— What the task requires —
Restate word for word the lines below from the one that has "A model of a" through the one that has "6331 Mistflower Cir, Prospect, KY", keeping both and dropping all pictures.

— The data —
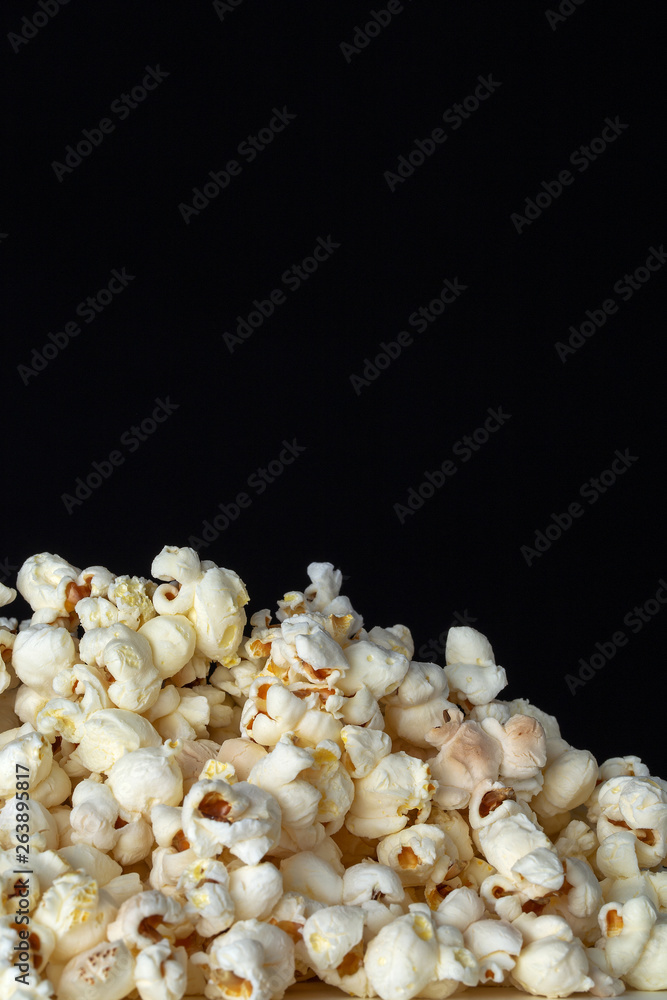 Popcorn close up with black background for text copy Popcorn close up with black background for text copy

==

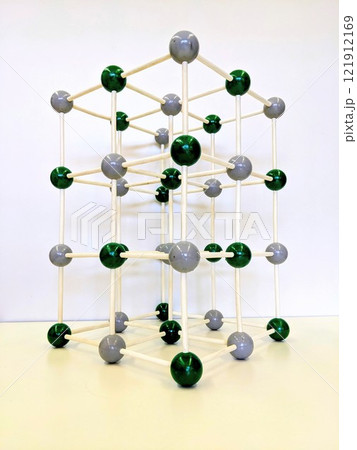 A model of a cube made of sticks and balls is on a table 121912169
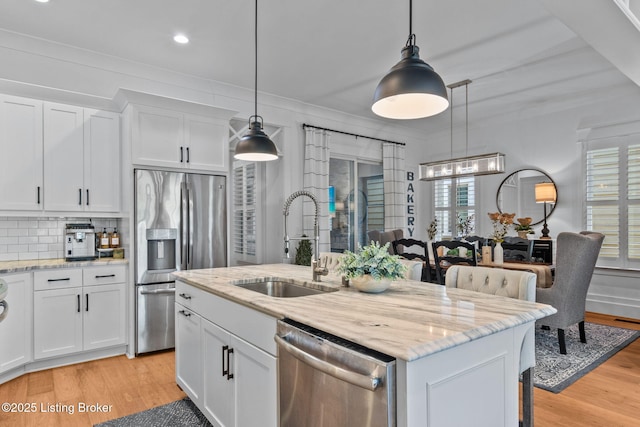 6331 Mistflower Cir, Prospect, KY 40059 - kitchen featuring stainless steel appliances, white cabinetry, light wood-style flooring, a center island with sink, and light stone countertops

---

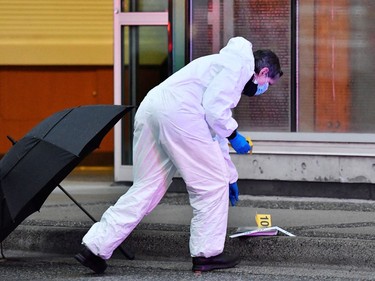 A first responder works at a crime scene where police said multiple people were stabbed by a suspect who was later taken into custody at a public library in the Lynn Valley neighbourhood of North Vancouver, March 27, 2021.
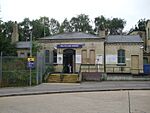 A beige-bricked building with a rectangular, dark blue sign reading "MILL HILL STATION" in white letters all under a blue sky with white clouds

— Result of the task —
 A model of a cube made of sticks and balls is on a table 121912169
 6331 Mistflower Cir, Prospect, KY 40059 - kitchen featuring stainless steel appliances, white cabinetry, light wood-style flooring, a center island with sink, and light stone countertops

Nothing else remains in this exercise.